▸ **Work order**
Of all the lines in the records below, copy only those that contain the string "directa".

+++ Records for this task +++

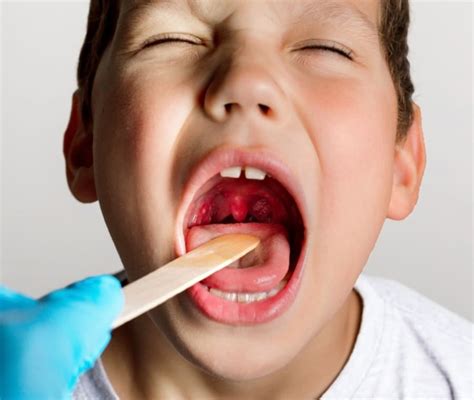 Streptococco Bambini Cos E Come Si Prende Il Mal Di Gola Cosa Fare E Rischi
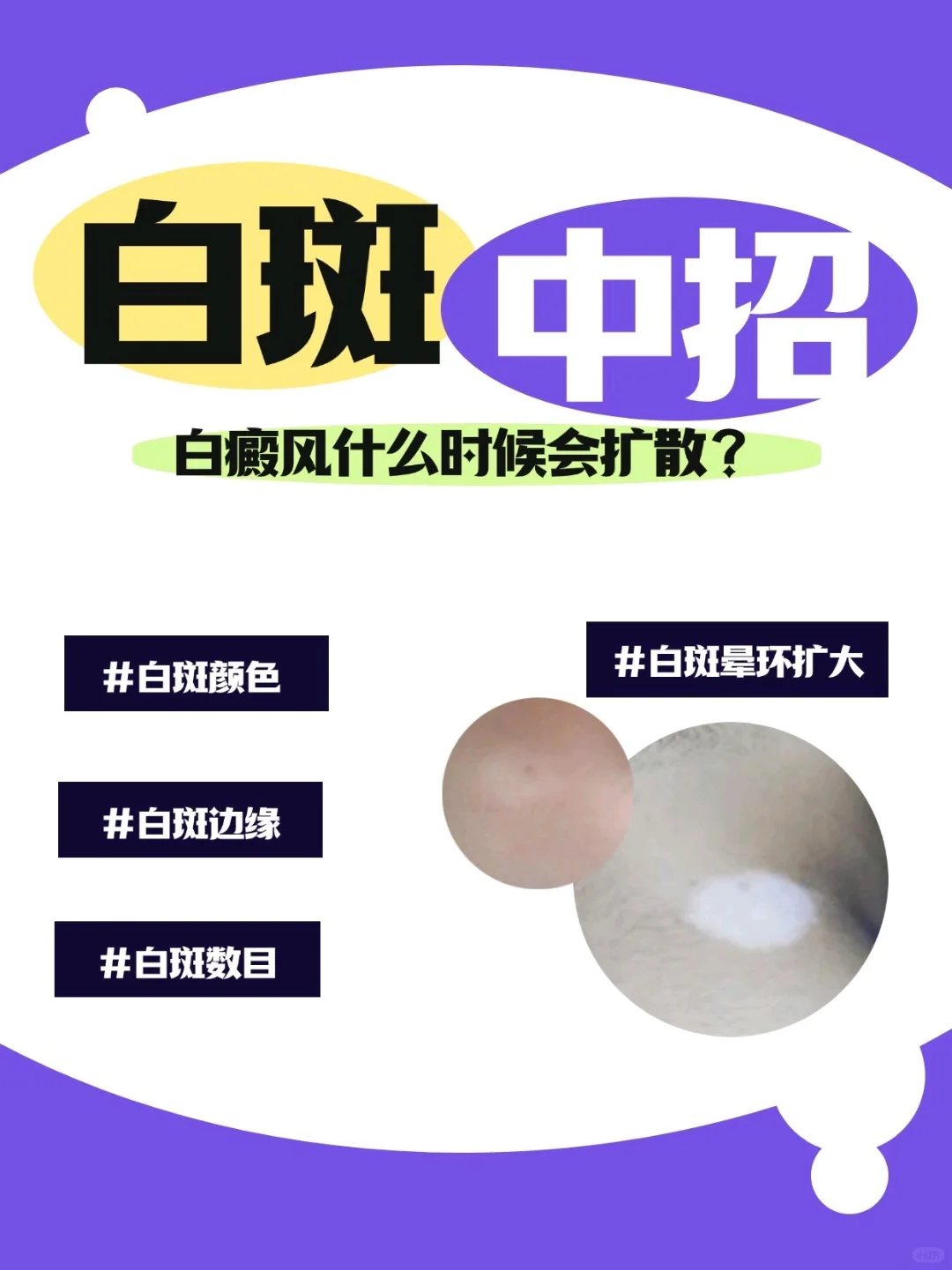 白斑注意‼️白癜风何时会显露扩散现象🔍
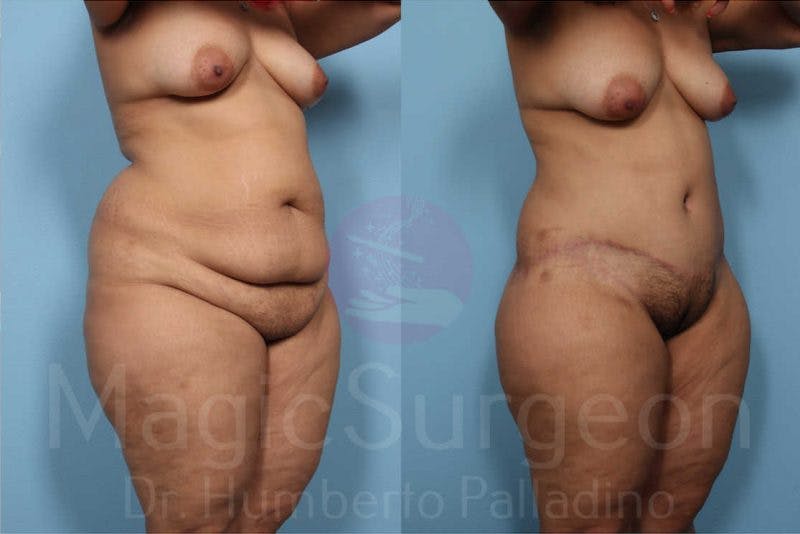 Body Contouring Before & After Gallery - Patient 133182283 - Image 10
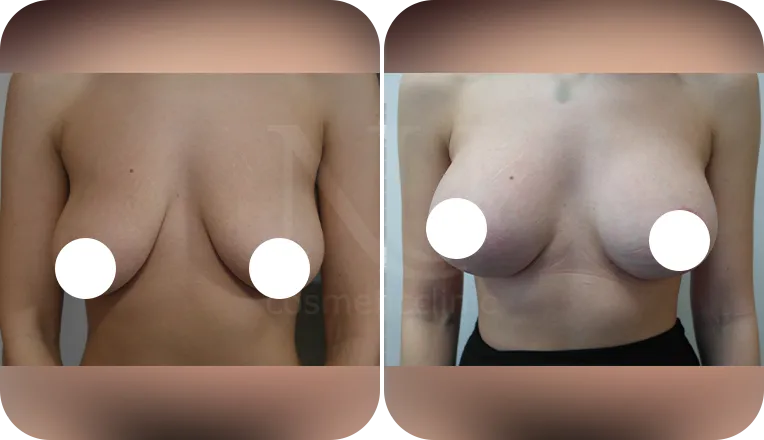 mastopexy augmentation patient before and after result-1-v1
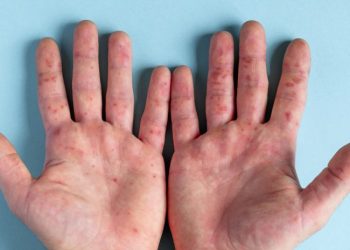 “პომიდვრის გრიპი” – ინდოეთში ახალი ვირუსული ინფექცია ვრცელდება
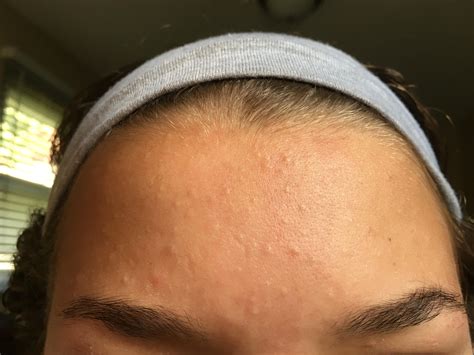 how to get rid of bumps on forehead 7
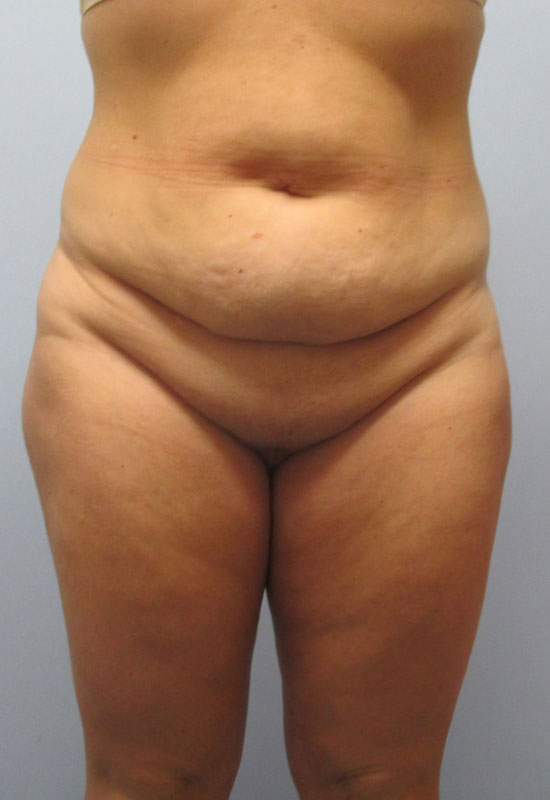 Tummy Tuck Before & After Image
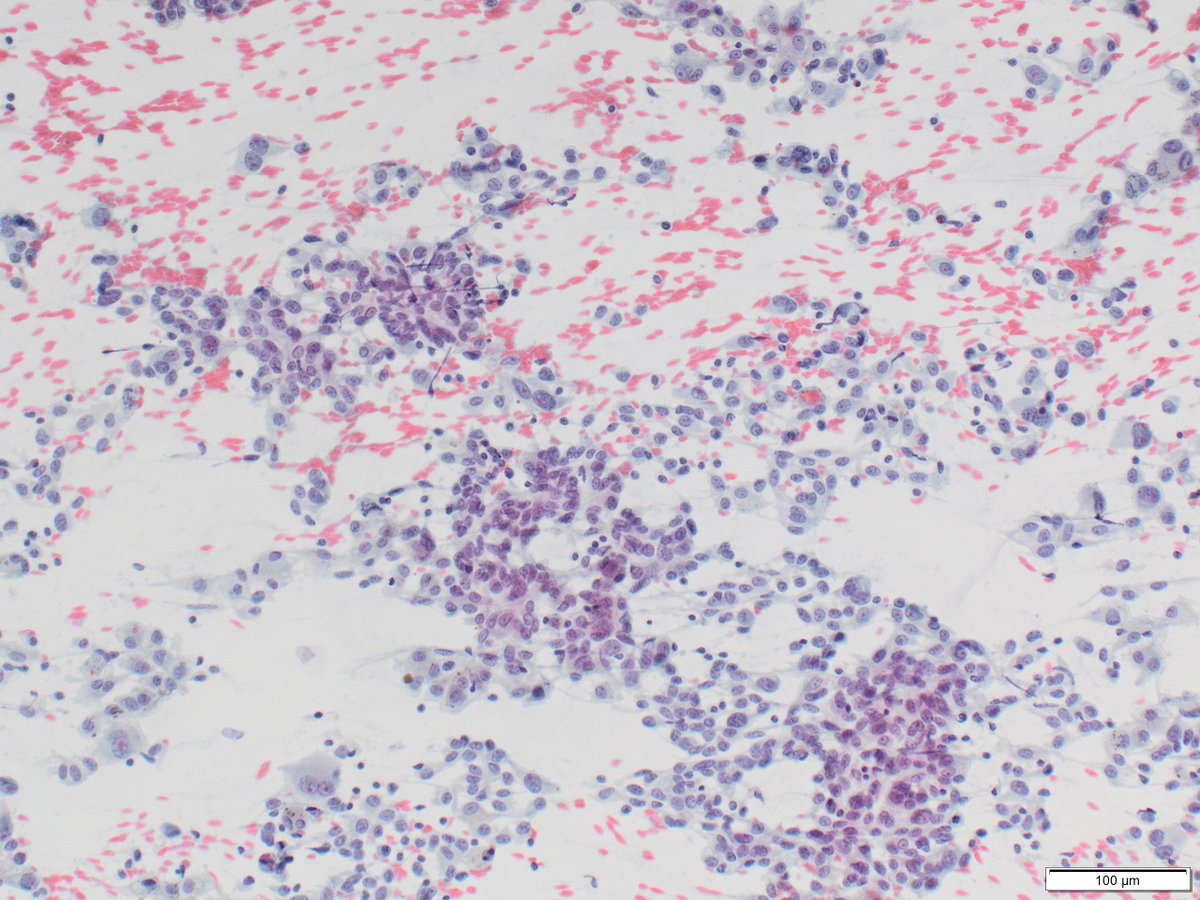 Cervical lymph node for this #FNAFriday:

+++
+++ Records for this task +++

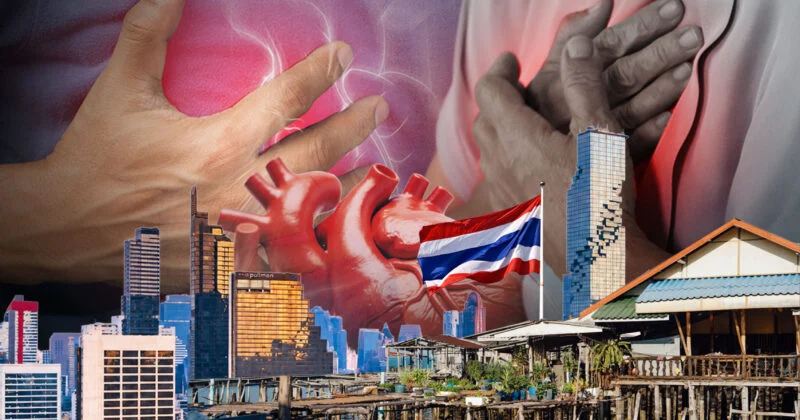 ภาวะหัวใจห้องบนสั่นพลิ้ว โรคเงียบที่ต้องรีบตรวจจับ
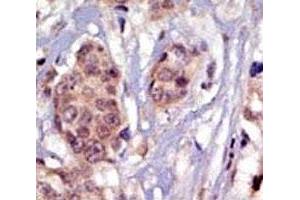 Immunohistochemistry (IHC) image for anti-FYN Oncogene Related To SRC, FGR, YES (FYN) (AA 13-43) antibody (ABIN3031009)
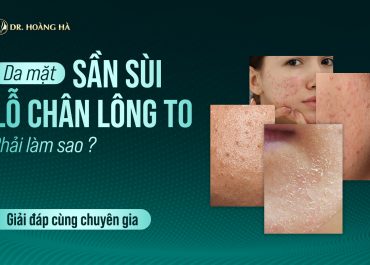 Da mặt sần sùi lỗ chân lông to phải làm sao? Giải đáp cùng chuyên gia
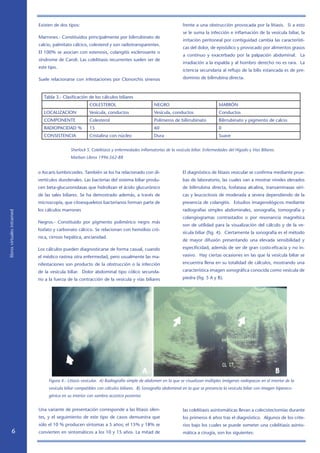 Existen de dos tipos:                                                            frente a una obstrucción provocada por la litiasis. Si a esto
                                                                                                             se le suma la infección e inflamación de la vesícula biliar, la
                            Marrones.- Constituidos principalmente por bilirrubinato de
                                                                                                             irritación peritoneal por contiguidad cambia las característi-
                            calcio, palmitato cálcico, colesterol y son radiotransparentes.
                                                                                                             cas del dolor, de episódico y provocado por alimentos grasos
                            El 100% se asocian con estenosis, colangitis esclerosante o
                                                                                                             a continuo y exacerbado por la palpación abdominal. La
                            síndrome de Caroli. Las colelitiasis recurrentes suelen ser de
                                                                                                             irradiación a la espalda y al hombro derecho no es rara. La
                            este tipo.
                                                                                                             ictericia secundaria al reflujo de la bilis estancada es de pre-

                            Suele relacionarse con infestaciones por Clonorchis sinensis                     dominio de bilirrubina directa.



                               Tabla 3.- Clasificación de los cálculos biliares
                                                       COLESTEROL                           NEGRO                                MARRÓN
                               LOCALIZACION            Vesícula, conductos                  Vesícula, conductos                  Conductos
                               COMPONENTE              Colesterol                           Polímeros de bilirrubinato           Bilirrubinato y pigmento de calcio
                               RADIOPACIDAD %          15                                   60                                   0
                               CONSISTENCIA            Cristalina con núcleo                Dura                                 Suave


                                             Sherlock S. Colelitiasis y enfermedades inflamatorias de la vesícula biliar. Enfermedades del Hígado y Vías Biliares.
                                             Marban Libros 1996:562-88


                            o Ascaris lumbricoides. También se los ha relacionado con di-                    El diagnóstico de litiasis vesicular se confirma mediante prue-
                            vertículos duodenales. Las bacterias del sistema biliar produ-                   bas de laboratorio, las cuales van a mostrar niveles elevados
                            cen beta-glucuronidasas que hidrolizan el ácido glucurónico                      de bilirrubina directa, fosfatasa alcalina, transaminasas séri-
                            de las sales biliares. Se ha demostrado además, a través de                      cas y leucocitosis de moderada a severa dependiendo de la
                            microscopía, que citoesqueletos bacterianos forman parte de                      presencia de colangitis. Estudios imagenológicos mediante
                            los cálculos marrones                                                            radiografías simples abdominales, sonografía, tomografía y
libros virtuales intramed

+++

▸ **Completed exercise**
                            Suele relacionarse con infestaciones por Clonorchis sinensis                     dominio de bilirrubina directa.
                            cen beta-glucuronidasas que hidrolizan el ácido glucurónico                      de bilirrubina directa, fosfatasa alcalina, transaminasas séri-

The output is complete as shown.